Yeah, this seems problematic. What if you hard power off your server, how do you...

kouteiheika · on April 5, 2021

> What if you hard power off your server, how do you know your data didn't get corrupted?

Atomically replacing the whole file instead of updating the data in-place, and using a checksumming filesystem like ZFS should give you such guarantee, no?

> Backups and restore will also have to be DIY.

Well, yeah. A daily cron job that `scp`s the data to an offsite location. Personally I don't really see much problem with that? It's easy to backup, and easy to restore.

slashdev · on April 5, 2021

> Atomically replacing the whole file instead of updating the data in-place, and using a checksumming filesystem like ZFS should give you such guarantee, no?

No. You need to use fsync to ensure the file is flushed to disk. Also careful not to rename the file across mount points (/tmp is often a different mount and the most common location for people trying this.)

> Well, yeah. A daily cron job that `scp`s the data to an offsite location. Personally I don't really see much problem with that? It's easy to backup, and easy to restore.

That's fine, but your backup and restore granularity is daily. If you introduce a bug that writes the wrong / partial data, you can't recover anything that isn't in the previous day's backup.

With a typical database you have a transaction log and you could restore back to any point during the day.

This has been necessary about a dozen times during my career (once every two years or so on average.)

kouteiheika · on April 5, 2021

> No. You need to use fsync to ensure the file is flushed to disk.

Are you sure? At least in case of ZFS AFAIK the file wouldn't get corrupted, since it uses copy-on-write internally. Sure, you might get the old data back, but you wouldn't get corruption. And it automatically checksums your files anyway so it will detect any data that did get corrupted, and if you're using RAID-1 (as you should for any important data) it will automatically repair it.

> Also careful not to rename the file across mount points (/tmp is often a different mount and the most common location for people trying this.)

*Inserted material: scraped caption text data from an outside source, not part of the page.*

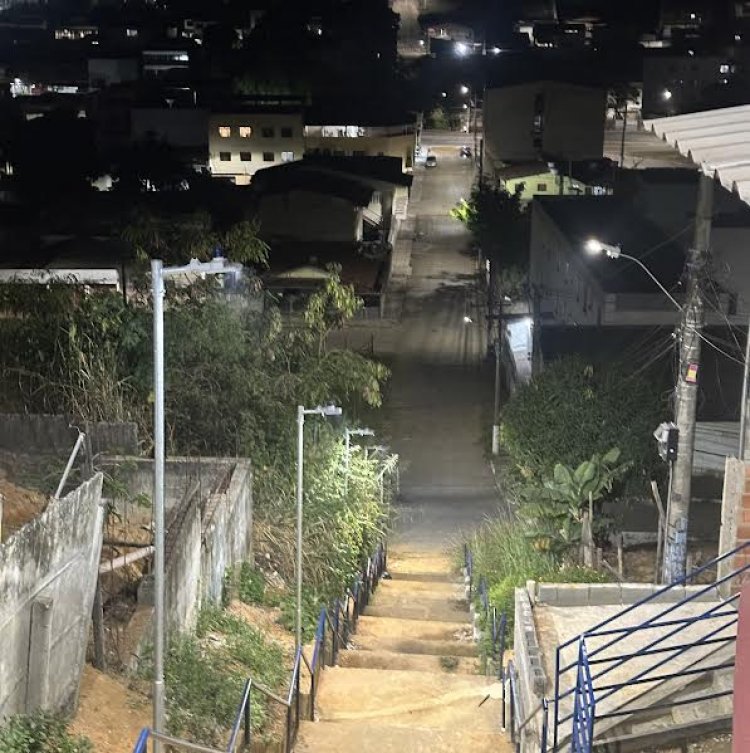 Timóteo mais iluminada e segura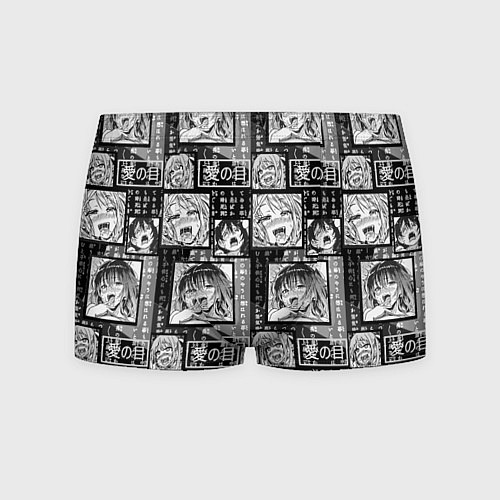 Мужские трусы Ahegao cartoon / 3D-принт – фото 1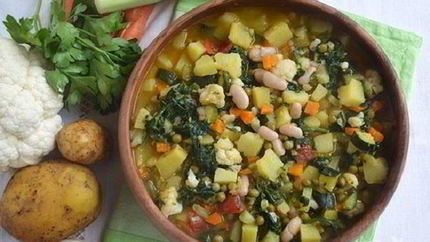 Минестроне классический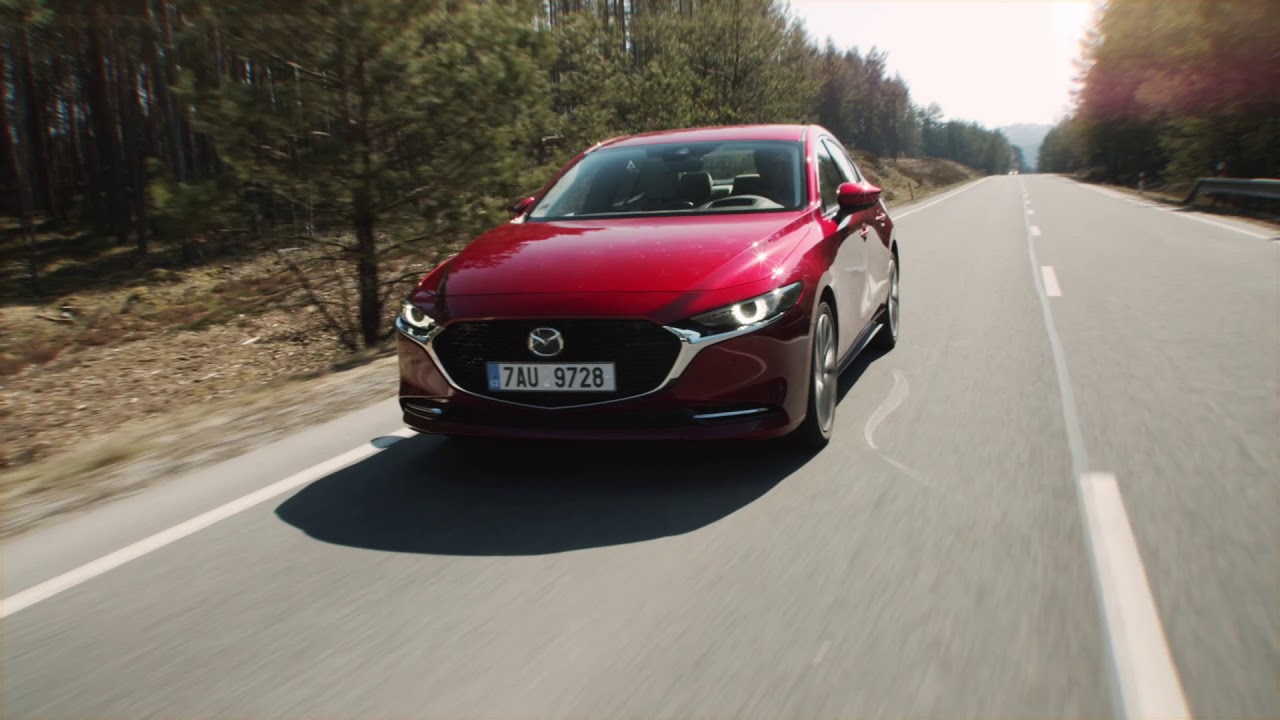 Testovacia jazda v Mazde3. V&iacute;ťaz World Car Design of the Year 2020.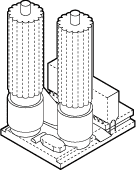 Marina City model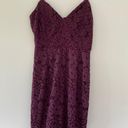 Charlotte Russe Purple Lace Dress  Photo 1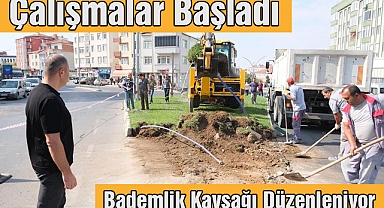Çalışmalar Başladı: Bademlik Kavşağı Düzenleniyor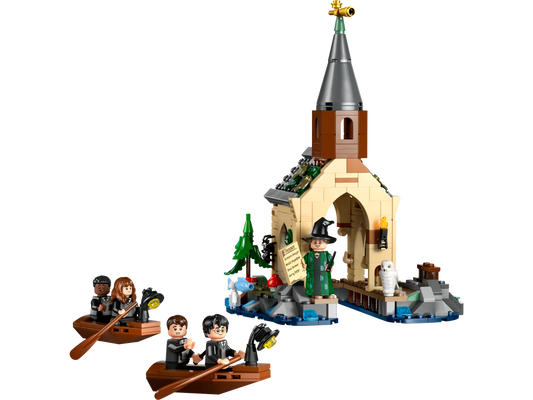 LEGO 76426 La rimessa per le barche del Castello di Hogwarts™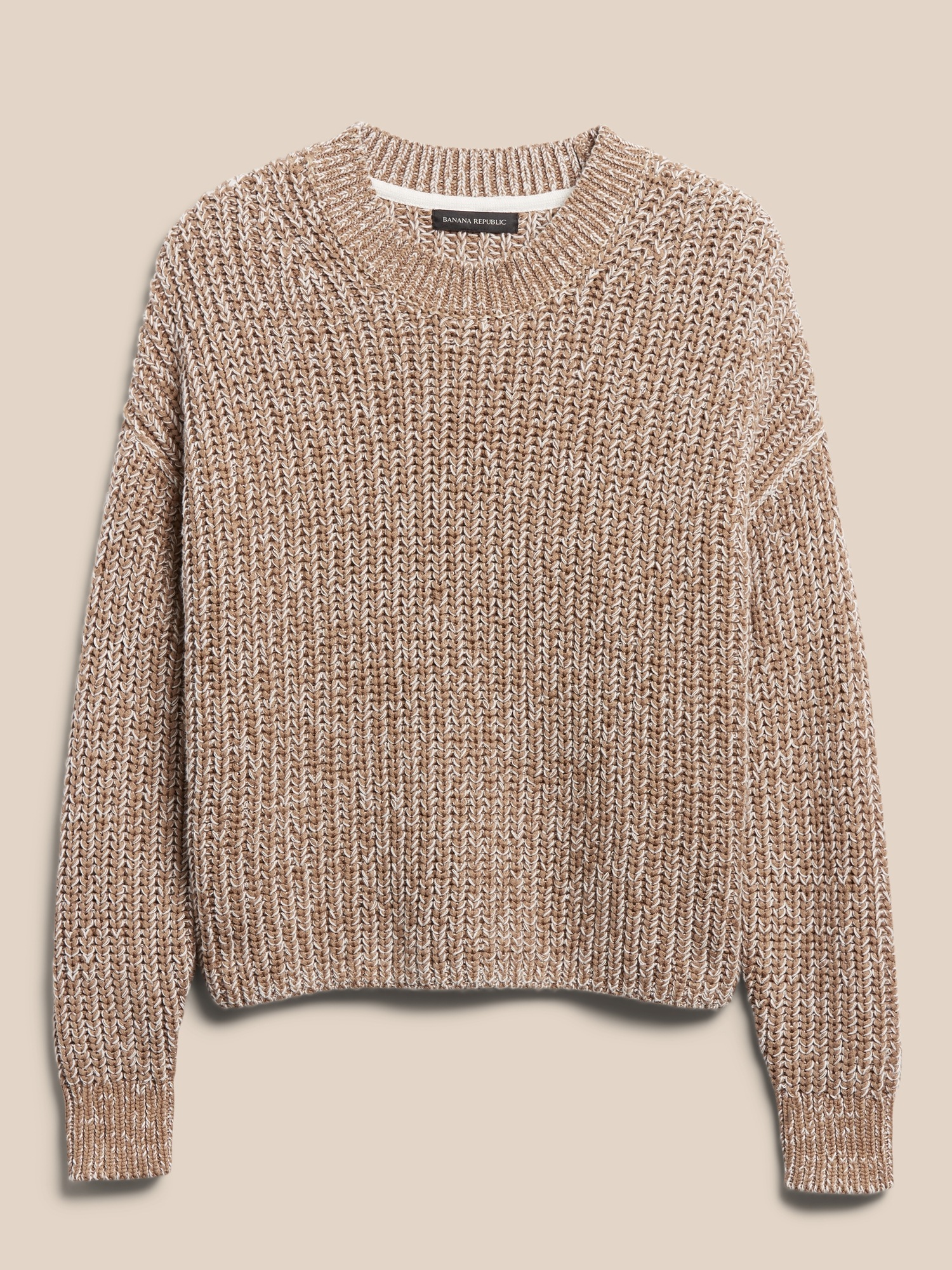 banana republic cotton sweater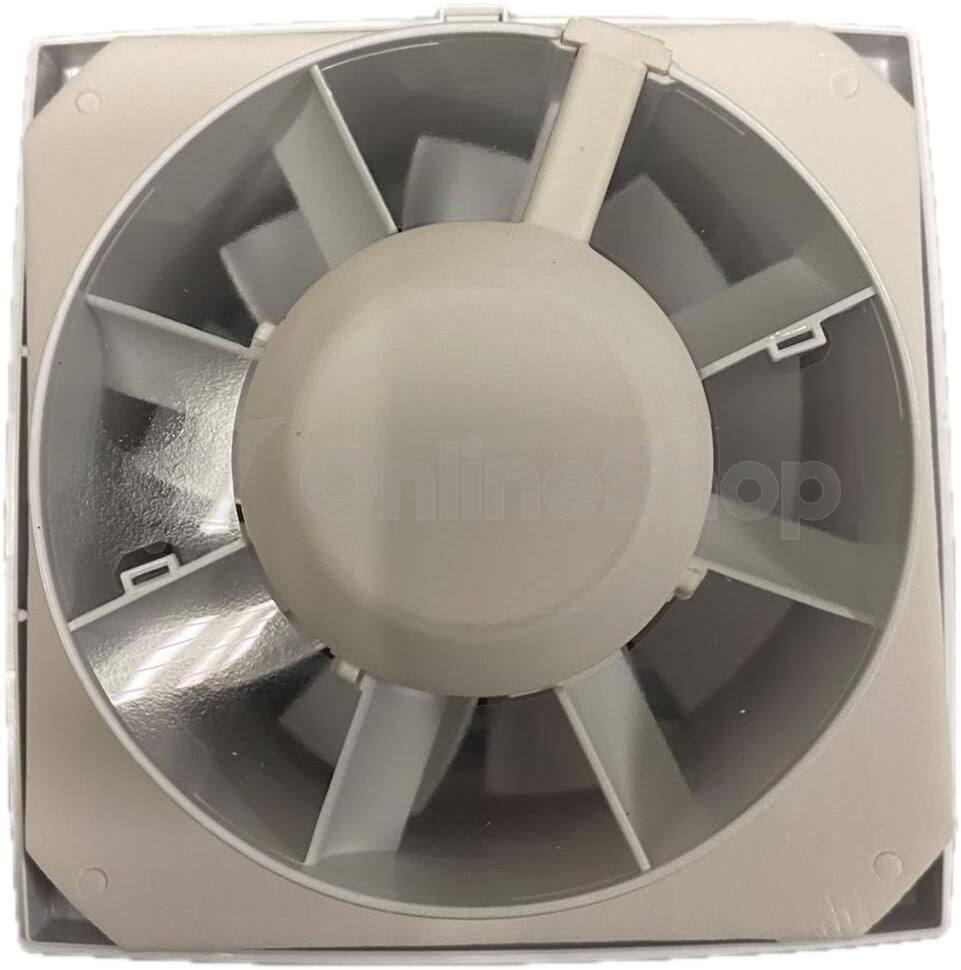 Koupelnový ventilátor Cata UC 12 TIMER, bílý | Skutečná fotografie prodávaného kusu | Skutečná fotografie prodávaného kusu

You can't rename across mount points. (Linux's `rename` syscall and the corresponding C API will return an EXDEV error if you try.)

> If you introduce a bug that writes the wrong / partial data, you can't recover anything that isn't in the previous day's backup.

Sure. If I was working in a bank not being able to do that would be totally unacceptable. But in my case that's the tradeoff I'm willing to live with.